Le système actuel où la pause de fin de semaine s'étend du jeudi après-midi au lundi après-midi est plus avantageux pour eux. Les systèmes en vigueur dans les cantons ne sont transposables au niveau fédéral que dans une certaine mesure, notamment parce que les distances sont plus courtes à l'échelle cantonale.

Contrairement à l'auteure de l'initiative, la majorité de la commission ne croit pas que le système actuel nuise à la manière de travailler du Parlement. Les sessions de trois semaines permettent aux députés de se focaliser sur leurs dossiers et favorisent les contacts personnels grâce à la durée de leur présence à Berne. Un changement du rythme des sessions n'augmenterait donc pas la qualité du travail parlementaire. A l'inverse, l'expérience faite par certains cantons dont le parlement siège à intervalles plus courts a montré que l'actualité immédiate pouvait beaucoup trop influer sur l'ordre du jour des séances.

Par ailleurs, un changement du rythme des sessions provoquerait un surcoût non négligeable. Or cela ne vaut pas la peine si, d'une part, le changement ne profite qu'à une partie des députés et si, d'autre part, il n'en résulte aucune retombée positive notable pour le travail du Parlement.
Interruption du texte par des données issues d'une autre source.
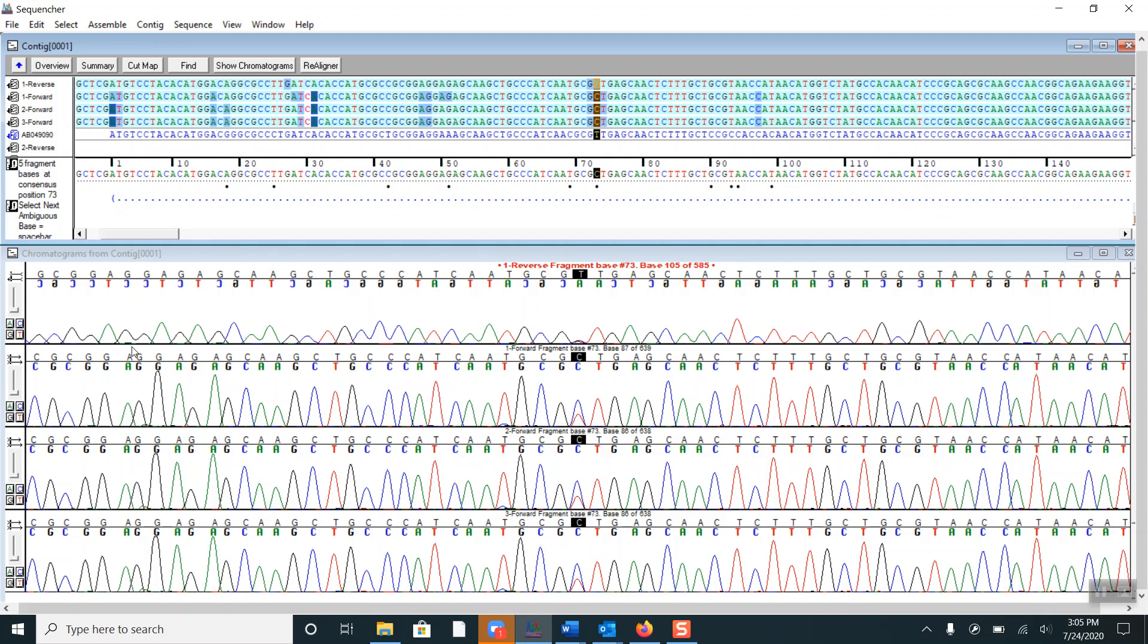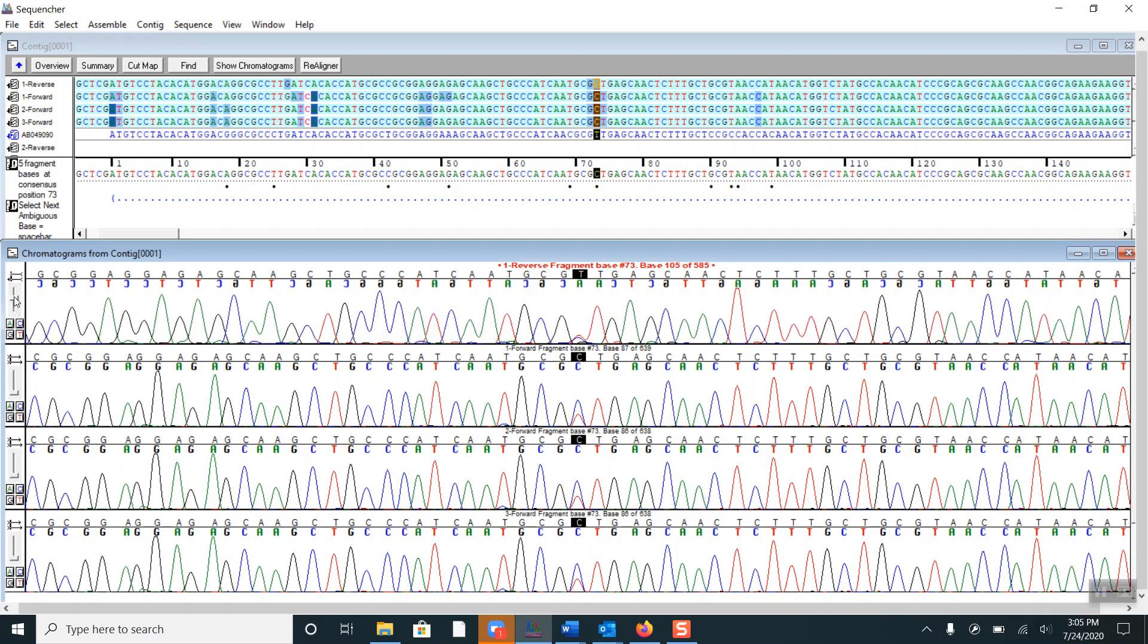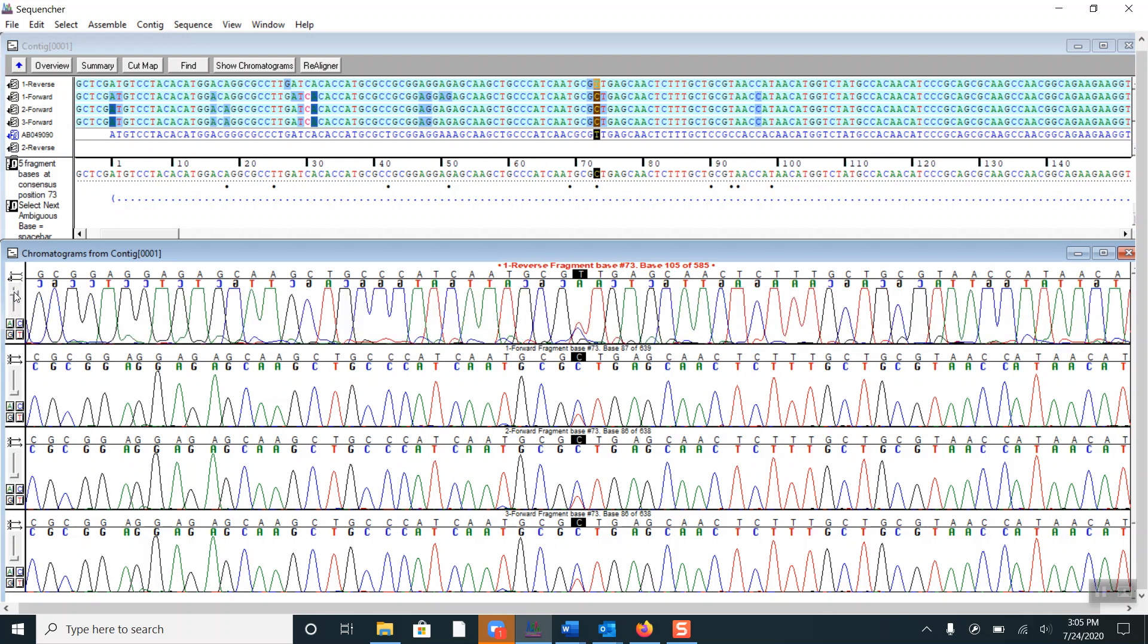If I adjust the view of this fourth fragment by increasing the size of the peak, we can see that it also has both a C and T peak.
Quant à la minorité de la commission, elle relève que l'Assemblée fédérale observe aujourd'hui le même rythme des sessions qu'au XIXe siècle alors que la composition du Parlement a considérablement changé et que le facteur de la mobilité a beaucoup évolué depuis lors. Actuellement, le rythme des sessions ne devrait plus se modeler sur l'exemple d'un homme qui s'implique peu dans la vie de sa famille et qui doit voyager huit heures pour se rendre à Berne. A notre époque, et selon la minorité toujours, le rythme des sessions devrait plutôt être conçu de telle sorte que les personnes qui exercent une activité salariée et assument des responsabilités familiales soient aussi en mesure de siéger à l'Assemblée fédérale.

En outre, un rythme des sessions accéléré permettrait d'achever plus rapidement et avec une qualité accrue le traitement des affaires dans le système bicaméral. Les procédures d'élimination des divergences pourraient avoir lieu durant les séances de commission organisées entre les sessions et non plus, comme aujourd'hui, à des heures indues pendant une session.

Le système actuel a justement montré ses limites à la session d'été 2013, lors de l'examen préalable de la loi urgente qui était censée permettre aux banques suisses de coopérer avec la justice américaine pour éviter des poursuites - la lex USA. Or l'Assemblée fédérale risque de devoir de plus en plus souvent faire face à des défis de ce genre.

La commission vous propose, par 13 voix contre 11 et 1 abstention, de ne pas donner suite à cette initiative.